WASHINGTON (AP) — House Speaker Nancy Pelosi says a committee investigating the Jan. 6 Capitol insurgency "will do the job it set out to do," despite Republicans' pledge to boycott the investigation.

Republicans will not participate, House GOP Leader Kevin McCarthy said on Wednesday, after Pelosi rejected two of his nominees for the panel, Reps. Jim Banks of Indiana and Jim Jordan of Ohio. Pelosi made it clear on Thursday that she will not relent, telling reporters that the two men “took actions that made it ridiculous to put them on such a comm.”

“It is my responsibility as Speaker of the House to ensure that we get to the truth of this, and we will not let their antics stand in our way,” Pelosi said.

Banks and Jordan are vocal supporters of former President Donald Trump, whose supporters stormed the Capitol on Jan. 6 and disrupted the certification of President Joe Biden's election; both men voted to overturn the election results in the hours following the siege.

For the time being, it is unclear whether Pelosi will attempt to appoint additional members to the panel, as she has the authority to do under committee rules. She did, however, leave the door open, saying that there are other members who would like to participate.

Unless Speaker Pelosi reverses course and seats all five Republican nominees, Republicans will refuse to participate in their sham process and instead conduct our own investigation of the facts. My full statement: https://t.co/RmgeBFo41j — Kevin McCarthy (@GOPLeader) July 21, 2021

One possibility is Illinois Rep. Adam Kinzinger, who was one of only two Republicans to vote in favor of forming the committee; the other is Wyoming Rep. Liz Cheney, who has already been appointed by Pelosi to sit on the panel alongside seven Democrats, ensuring they have a quorum to proceed regardless of whether other Republicans participate or not.

The fight over the panel exemplifies the raw political tensions in Congress that have only grown since the insurgency, and it raises the possibility that the investigation — the only comprehensive probe currently underway into the attack — will be done almost entirely by Democrats. The House voted in May to create an independent investigation that would have been evenly split between Democrats and Republicans.

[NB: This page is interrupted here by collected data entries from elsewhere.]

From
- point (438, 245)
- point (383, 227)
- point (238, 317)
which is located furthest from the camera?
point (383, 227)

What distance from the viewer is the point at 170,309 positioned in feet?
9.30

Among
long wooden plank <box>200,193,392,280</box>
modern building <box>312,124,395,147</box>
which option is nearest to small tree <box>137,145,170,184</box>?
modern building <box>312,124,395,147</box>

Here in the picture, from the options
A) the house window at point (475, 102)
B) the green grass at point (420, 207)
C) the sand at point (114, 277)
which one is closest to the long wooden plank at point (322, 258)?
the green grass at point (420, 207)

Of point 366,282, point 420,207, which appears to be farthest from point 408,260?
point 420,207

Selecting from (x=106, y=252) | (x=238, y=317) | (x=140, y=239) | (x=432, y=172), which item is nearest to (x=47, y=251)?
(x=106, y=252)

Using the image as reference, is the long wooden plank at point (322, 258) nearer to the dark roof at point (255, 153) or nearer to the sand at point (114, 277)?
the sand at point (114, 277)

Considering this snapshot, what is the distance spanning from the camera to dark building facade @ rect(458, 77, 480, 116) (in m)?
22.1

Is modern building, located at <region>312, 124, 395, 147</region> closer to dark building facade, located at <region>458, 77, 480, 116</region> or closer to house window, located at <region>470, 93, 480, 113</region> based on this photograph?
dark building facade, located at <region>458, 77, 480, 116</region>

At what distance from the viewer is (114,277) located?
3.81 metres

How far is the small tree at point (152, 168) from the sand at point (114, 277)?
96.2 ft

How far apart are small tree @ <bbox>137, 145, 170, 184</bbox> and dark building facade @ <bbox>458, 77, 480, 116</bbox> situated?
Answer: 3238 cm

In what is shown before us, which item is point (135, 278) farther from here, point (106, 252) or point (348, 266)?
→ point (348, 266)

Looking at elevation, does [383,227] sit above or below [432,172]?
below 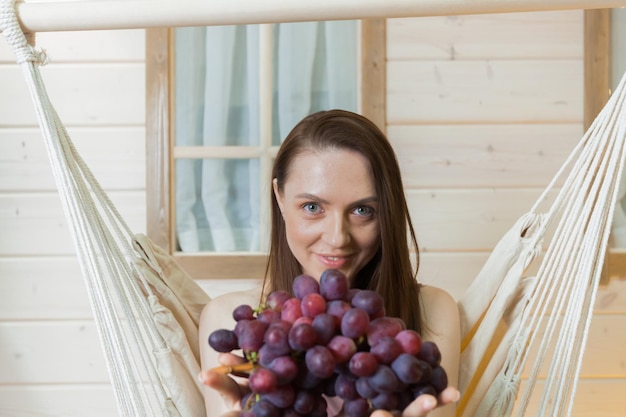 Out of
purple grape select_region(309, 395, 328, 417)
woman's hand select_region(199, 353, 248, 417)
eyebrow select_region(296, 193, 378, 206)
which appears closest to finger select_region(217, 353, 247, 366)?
woman's hand select_region(199, 353, 248, 417)

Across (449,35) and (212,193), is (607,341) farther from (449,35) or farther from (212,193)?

McCarthy called Pelosi's move an "egregious abuse of power" that will harm Congress.

“Unless Speaker Pelosi reverses course and seats all five Republican nominees, Republicans will refuse to participate in their sham process and will instead conduct our own investigation of the facts,” McCarthy said.

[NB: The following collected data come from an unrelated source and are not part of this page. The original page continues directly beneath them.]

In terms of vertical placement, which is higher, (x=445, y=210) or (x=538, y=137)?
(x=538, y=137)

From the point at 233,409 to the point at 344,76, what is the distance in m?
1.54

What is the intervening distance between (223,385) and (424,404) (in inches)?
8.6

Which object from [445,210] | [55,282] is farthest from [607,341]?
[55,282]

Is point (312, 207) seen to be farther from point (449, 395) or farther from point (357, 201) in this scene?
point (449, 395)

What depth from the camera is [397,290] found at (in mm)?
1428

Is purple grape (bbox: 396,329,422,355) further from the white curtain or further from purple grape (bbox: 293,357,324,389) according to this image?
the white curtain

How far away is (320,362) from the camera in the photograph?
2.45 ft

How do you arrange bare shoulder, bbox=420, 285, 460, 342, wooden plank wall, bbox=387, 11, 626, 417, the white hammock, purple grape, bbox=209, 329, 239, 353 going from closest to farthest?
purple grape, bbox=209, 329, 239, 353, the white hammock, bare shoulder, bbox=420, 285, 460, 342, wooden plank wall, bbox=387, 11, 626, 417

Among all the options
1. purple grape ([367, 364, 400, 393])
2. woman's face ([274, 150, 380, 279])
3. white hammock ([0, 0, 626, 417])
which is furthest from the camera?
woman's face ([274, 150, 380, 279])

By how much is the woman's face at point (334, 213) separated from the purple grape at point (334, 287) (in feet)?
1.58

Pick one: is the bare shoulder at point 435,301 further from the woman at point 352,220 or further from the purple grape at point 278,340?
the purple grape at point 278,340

McCarthy has stated that the panel has lost “all legitimacy” because Pelosi refused to allow Republicans to name their own members. It is unclear how McCarthy would lead a separate investigation because the minority does not have the power to create committees.

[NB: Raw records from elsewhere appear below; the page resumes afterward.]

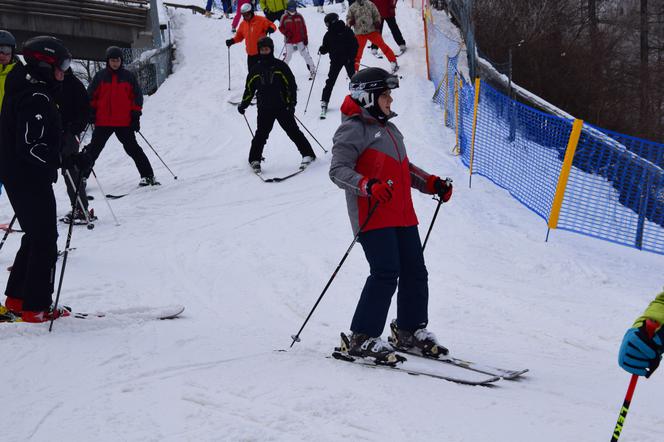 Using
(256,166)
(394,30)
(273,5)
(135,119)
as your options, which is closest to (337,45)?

Despite the violent insurgency of Trump supporters that sent many lawmakers fleeing for their lives, most Republicans have remained loyal to Trump. McCarthy would not say whether Republicans would participate in the investigation for weeks, but he sent the five names to Pelosi on Monday.

McCarthy's three other picks — Illinois Rep. Rodney Davis, North Dakota Rep. Kelly Armstrong, and Texas Rep. Troy Nehls — were accepted by Pelosi, but McCarthy stated that all five would participate or none would.

Nehls voted to overturn Biden's victory, while Armstrong and Davis voted to certify the election.

Banks recently traveled with Trump to the U.S.-Mexico border and paid him a visit at his New Jersey golf course, and in a statement issued after McCarthy appointed him to the panel, he chastised the Democrats who had set it up.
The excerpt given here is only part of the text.